Outlook 2013 Manual Setup for IMAP
This page explains how to manually set up Microsoft Outlook 2013 to send and receive email for an email mailbox you’ve created.
Before you continue, you should enter your email address (the address you want to set up in Outlook) in the box above. Entering your email address makes sure that the instructions below are correct.
1. Start the Microsoft Outlook program.
Use the Start menu to start Outlook 2013. If you’ve never used Outlook before, it will prompt you to create a new account. In that case, skip ahead to step 2.
If you’ve previously used Outlook and it doesn’t prompt you, click the File tab, then the Add Account button:
2. The “Auto Account Setup” window appears.
When this window appears, leave the spaces empty, choose the Manually configure server settings or additional server types option, then click Next.
3. The “Choose Service” window appears.
Choose POP or IMAP, then click Next.
4. The “POP and IMAP Account Settings” window appears.
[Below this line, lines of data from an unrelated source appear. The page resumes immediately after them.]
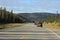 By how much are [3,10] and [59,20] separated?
1443 inches

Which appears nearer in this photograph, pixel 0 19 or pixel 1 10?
pixel 0 19

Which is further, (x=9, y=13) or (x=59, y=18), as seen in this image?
(x=9, y=13)

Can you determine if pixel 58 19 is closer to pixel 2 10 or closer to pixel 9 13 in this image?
pixel 2 10

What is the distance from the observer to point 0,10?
129 metres

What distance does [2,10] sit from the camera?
430 ft

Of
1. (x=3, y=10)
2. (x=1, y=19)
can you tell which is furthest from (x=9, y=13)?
(x=1, y=19)

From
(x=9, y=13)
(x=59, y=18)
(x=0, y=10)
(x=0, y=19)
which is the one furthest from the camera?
(x=9, y=13)

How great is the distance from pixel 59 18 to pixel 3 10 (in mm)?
34322

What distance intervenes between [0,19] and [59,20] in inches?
953

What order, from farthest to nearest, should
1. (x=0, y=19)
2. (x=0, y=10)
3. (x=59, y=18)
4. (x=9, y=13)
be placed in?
(x=9, y=13), (x=0, y=10), (x=59, y=18), (x=0, y=19)

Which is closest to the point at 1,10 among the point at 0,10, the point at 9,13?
the point at 0,10

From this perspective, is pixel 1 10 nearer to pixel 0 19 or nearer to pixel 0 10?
A: pixel 0 10

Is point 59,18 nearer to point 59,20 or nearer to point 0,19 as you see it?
point 59,20

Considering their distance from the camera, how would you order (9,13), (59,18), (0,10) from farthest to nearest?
(9,13), (0,10), (59,18) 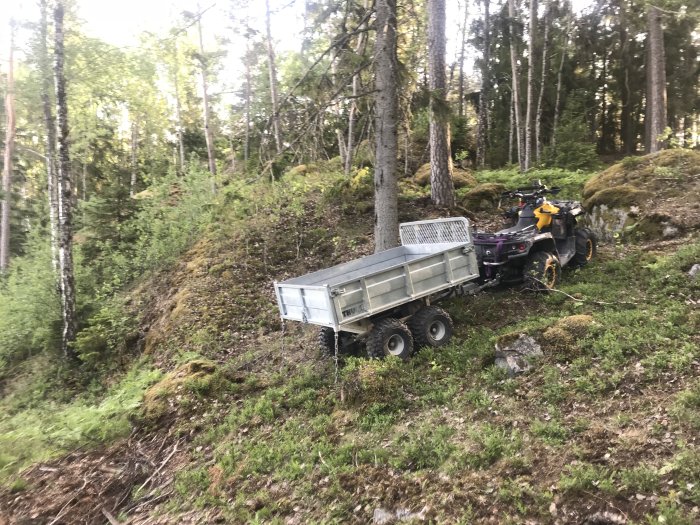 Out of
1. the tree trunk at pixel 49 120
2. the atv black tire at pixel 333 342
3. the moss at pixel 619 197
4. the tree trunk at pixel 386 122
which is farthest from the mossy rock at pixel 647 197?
the tree trunk at pixel 49 120

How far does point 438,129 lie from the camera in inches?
471

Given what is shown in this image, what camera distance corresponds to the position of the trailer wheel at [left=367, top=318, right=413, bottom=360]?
6375 millimetres

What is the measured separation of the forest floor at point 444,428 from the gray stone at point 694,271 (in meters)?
0.12

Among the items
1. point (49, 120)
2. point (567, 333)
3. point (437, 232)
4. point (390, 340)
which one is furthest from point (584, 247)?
point (49, 120)

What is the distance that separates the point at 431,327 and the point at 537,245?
2704mm

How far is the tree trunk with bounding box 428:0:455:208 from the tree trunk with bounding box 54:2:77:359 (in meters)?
8.15

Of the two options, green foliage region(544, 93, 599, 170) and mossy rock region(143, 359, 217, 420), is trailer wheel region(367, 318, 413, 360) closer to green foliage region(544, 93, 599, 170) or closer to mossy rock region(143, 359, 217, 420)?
mossy rock region(143, 359, 217, 420)

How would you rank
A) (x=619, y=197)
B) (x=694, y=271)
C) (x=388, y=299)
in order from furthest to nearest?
(x=619, y=197) → (x=694, y=271) → (x=388, y=299)

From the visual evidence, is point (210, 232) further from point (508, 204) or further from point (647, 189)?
point (647, 189)

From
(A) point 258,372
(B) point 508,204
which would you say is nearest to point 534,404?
(A) point 258,372

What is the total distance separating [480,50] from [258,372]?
75.7 feet

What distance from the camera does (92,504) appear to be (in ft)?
16.7

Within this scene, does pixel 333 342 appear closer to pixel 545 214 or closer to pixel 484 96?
pixel 545 214

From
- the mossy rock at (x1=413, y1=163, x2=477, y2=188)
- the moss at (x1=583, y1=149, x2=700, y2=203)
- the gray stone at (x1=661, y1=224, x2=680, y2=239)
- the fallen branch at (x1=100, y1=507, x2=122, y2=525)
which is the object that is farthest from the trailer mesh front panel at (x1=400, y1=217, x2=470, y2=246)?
the mossy rock at (x1=413, y1=163, x2=477, y2=188) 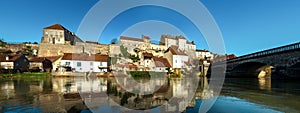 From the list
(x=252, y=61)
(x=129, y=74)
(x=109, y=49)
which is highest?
(x=109, y=49)

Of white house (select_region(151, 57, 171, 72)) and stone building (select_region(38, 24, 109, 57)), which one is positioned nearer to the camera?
white house (select_region(151, 57, 171, 72))

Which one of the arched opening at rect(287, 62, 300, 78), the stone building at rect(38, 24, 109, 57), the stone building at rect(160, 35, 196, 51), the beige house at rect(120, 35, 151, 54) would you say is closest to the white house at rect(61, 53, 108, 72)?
the stone building at rect(38, 24, 109, 57)

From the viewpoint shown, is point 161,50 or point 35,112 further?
point 161,50

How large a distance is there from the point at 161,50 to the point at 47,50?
4851cm

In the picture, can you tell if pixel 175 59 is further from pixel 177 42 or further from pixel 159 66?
pixel 177 42

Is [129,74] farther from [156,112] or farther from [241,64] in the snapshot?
[156,112]

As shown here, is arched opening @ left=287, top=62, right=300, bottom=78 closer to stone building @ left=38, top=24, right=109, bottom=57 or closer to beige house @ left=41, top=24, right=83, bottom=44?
stone building @ left=38, top=24, right=109, bottom=57

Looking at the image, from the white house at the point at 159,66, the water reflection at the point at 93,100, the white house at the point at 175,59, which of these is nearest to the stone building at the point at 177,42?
the white house at the point at 175,59

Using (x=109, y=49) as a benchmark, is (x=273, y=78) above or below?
below

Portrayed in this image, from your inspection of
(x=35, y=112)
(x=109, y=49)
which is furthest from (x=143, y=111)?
(x=109, y=49)

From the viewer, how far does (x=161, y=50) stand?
8475cm

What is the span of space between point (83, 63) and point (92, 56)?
474 centimetres

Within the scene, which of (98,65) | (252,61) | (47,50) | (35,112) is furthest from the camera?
(47,50)

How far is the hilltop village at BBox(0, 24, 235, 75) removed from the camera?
4725cm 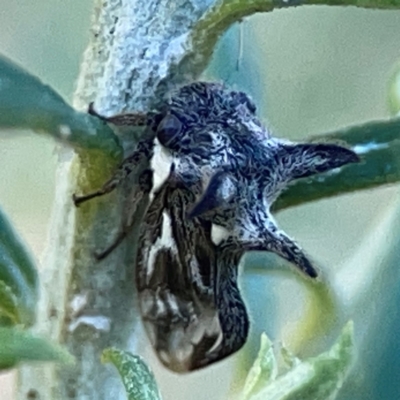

This is the window where you’ll enter most of your account settings. You want the window to look like this:
- “Your Name” is the name that other people will see when you send them email. It should usually be your real name, such as Bill Gates or Joan of Arc.
- Enter your “Email Address”. The address must be the email address of the mailbox you created in your account management control panel.
- For “Account Type”, choose IMAP.
- Enter mail.tigertech.net for both the “Incoming mail server” and “Outgoing mail server (SMTP)”.
- Enter your email address again as the “User Name”. (The user name must be all lowercase).
- Type your email password into the “Password” box. This is the password you chose for this email address when you created the mailbox in your account management control panel. This password may be different from your master “My Account” password with our company.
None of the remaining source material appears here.